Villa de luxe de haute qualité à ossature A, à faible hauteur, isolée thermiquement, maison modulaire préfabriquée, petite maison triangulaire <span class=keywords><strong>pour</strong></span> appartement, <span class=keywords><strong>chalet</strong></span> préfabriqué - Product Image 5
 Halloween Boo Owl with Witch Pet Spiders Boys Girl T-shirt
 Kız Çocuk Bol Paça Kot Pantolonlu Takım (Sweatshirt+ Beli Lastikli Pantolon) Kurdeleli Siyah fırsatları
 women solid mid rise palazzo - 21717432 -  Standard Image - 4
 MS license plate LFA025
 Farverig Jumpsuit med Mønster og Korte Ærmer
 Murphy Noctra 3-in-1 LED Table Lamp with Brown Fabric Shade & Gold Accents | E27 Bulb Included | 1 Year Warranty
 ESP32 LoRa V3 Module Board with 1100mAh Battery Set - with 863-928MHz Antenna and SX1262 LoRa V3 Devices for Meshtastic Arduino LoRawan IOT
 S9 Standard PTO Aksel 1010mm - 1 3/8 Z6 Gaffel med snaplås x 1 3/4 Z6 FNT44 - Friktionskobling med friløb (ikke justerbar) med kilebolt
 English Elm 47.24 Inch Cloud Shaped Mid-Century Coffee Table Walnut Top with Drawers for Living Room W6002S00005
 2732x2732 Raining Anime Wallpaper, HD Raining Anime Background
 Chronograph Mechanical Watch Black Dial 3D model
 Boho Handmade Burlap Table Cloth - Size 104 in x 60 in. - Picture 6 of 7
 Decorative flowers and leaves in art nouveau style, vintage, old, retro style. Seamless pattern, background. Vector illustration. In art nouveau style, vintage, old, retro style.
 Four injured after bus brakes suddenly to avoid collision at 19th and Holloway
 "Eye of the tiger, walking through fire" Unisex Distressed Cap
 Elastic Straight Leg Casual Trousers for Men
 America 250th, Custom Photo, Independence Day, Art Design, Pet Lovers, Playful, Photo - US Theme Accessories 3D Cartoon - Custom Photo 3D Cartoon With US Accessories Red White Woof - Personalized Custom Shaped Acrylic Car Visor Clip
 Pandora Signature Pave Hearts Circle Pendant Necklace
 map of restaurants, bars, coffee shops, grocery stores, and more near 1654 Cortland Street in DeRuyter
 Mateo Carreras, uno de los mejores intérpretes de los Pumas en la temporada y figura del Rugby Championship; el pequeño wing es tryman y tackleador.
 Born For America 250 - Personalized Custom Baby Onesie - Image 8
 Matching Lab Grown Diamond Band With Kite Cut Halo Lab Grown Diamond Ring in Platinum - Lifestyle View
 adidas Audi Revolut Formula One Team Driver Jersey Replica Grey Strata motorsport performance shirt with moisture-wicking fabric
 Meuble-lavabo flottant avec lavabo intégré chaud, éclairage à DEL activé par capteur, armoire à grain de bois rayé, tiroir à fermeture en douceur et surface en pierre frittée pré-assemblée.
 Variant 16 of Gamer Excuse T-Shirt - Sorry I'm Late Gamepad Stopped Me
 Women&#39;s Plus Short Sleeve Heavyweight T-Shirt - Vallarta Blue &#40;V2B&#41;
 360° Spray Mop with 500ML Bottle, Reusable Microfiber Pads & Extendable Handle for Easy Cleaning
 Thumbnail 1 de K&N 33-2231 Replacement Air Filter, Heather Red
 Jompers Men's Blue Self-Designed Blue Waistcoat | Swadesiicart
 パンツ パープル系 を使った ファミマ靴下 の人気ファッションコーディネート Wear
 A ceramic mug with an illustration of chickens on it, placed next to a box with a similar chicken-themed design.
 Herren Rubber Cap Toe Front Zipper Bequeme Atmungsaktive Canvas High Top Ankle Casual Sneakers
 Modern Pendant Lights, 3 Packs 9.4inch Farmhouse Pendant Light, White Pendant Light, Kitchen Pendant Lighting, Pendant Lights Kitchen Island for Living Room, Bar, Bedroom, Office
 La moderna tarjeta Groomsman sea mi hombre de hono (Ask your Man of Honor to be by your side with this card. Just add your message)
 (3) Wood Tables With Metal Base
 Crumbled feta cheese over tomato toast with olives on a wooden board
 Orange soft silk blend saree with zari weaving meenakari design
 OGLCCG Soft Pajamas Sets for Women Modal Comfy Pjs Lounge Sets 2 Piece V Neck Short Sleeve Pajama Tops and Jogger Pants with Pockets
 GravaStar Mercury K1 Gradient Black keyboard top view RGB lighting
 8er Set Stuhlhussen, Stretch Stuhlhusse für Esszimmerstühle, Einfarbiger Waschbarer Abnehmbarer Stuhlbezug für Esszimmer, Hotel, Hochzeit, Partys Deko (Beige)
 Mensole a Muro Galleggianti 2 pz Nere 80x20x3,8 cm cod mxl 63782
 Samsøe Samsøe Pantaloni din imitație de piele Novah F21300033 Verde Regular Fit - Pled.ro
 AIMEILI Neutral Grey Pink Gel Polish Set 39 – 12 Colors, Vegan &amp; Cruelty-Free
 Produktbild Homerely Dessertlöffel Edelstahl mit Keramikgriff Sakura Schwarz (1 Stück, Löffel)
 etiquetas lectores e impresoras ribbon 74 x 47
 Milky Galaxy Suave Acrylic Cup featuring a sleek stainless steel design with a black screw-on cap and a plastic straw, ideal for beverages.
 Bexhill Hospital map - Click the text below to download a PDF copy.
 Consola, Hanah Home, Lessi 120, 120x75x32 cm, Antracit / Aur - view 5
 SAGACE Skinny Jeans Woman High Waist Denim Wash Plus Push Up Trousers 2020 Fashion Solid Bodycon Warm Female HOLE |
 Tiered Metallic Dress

☆ ☆ ☆

> [Work order] Wherever a line in the entries holds "Trousers", copy that line.

> [Response to this task]
 Elastic Straight Leg Casual Trousers for Men
 SAGACE Skinny Jeans Woman High Waist Denim Wash Plus Push Up Trousers 2020 Fashion Solid Bodycon Warm Female HOLE |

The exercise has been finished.